Based on what he referred to as the success of the Minority Advisory Council since its re-introduction last February, University President Richard Levin recently expanded the group to include three new council members.
After soliciting recommendations from the Yale College Council and the Graduate and Professional Student Senate, Levin and MAC Chairman Drew Days — who is a professor at the Law School — appointed Michael Smith ’06, Neema Trivedi ’05 and Dora Cudjoe GRD ’05 to the committee.
The students will join the current group, which consists of three undergraduate students and two professional school students, and will probably serve for about one year, Days said. The MAC meets regularly to discuss — and attempt to ensure — the welfare of minority groups at Yale. Members also advise Levin on relevant policies.
Days said two of the three new appointees attended last week’s MAC meeting. The meeting provided a chance for the new members to become assimilated with the other council members, he said.
“I think they’re going to be great additions,” Days said. “They got very actively engaged right off the bat. At the meeting, they sat and listened for a while and got a sense of what had been discussed at prior meetings and what the thoughts of the other members were, then they pitched in.”
Days said the additional pairs of “eyes and ears” will give the council a more panoramic view of minority viewpoints on campus.
Trivedi, who is the president of the South Asian Society and a board member of the Asian American Student Alliance, said she accepted the MAC’s invitation “immediately.” Trivedi said she appreciated the work of the MAC before she was appointed and is excited to work more closely with the group.
“They’re a really energetic group of people,” Trivedi said. “I think three undergraduate students was not nearly enough to represent all the opinions on campus. And I think the best way to go about improving a group like MAC is to get on it.”

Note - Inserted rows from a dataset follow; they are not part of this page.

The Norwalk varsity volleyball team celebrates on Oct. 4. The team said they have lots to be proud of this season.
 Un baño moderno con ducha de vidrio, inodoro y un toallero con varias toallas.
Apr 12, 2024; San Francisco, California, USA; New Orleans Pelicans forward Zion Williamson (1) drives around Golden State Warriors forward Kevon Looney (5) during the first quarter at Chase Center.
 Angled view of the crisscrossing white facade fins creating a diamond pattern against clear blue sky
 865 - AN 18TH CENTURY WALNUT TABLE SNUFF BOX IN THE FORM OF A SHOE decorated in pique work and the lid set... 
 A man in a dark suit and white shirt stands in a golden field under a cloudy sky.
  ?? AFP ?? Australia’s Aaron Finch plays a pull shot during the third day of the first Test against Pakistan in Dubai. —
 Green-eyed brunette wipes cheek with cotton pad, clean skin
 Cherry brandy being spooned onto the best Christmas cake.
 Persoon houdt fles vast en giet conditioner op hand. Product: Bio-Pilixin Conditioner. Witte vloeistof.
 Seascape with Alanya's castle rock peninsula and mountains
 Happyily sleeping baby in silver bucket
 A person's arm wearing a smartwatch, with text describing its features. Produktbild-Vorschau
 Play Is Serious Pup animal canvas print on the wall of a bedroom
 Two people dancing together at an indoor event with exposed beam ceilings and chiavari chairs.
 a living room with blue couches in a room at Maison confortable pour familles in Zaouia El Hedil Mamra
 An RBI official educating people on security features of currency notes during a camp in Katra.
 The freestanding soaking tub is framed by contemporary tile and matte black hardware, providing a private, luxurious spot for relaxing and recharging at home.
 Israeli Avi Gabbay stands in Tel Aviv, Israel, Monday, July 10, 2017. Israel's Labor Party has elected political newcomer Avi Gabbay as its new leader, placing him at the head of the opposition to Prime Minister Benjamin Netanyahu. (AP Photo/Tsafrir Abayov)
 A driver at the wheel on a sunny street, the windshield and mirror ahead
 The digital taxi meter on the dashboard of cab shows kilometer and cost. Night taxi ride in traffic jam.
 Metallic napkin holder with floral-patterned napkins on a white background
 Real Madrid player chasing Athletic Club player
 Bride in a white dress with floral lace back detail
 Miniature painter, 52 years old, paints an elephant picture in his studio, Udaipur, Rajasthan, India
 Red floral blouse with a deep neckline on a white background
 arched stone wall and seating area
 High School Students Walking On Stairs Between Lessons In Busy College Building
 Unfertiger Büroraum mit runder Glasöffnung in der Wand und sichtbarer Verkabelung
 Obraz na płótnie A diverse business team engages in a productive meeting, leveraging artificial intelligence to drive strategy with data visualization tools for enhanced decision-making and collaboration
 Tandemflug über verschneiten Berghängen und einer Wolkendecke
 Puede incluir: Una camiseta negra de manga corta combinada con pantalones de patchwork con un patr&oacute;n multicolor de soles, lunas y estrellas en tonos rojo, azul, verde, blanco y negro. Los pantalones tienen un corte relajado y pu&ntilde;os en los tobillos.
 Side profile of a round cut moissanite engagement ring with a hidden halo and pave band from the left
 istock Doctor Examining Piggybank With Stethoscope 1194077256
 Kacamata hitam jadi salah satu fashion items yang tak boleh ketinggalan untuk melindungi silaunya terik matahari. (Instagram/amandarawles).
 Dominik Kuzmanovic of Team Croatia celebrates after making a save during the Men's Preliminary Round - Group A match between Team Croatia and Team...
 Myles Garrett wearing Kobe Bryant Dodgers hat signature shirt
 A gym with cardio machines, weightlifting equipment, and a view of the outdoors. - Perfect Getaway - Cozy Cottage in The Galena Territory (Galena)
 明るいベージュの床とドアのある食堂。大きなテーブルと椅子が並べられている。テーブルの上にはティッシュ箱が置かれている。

Trivedi said she is not sure which specific issues she would like to address first, but she is eager to evaluate holistic concerns.
“I think it’s important not only to address formal processes and procedures but to work out ways to increase trust among groups — the administration, the student body, the Yale Police Department,” Trivedi said. “Students, professors and administrators need to feel that issues are being addressed. That’s the over-arching goal of MAC — to make sure there’s a level of comfort with the student body at both the undergraduate and the graduate level.”
Trivedi said she thinks it is important to make sure the council represents each ethnic group that has a large presence on campus, including South Asian and African-American students, because both have expressed concerns about minority issues at Yale.
Cudjoe, who serves on the Graduate and Professional Students Senate, said she was concerned about the challenge of the new position but still eager to join the council. She said the fact that there is a greater number of undergraduates than graduates on the council is not important because of the group’s unity of purpose.
“We may have different backgrounds and knowledge, but now we have one goal in common: to live up to the expectations of the minority groups on campus,” Cudjoe said. “I’m sure our differences will be dissipated when we come together as a group.”
Cudjoe said she is eager to address international students’ immigration problems. An international student from Ghana, Cudjoe said she is excited to bring concerns of the “outsider” student to the council for discussion.
“I am a minority leading a group of minorities,” she said. “I hope we can learn from and contribute to each other.”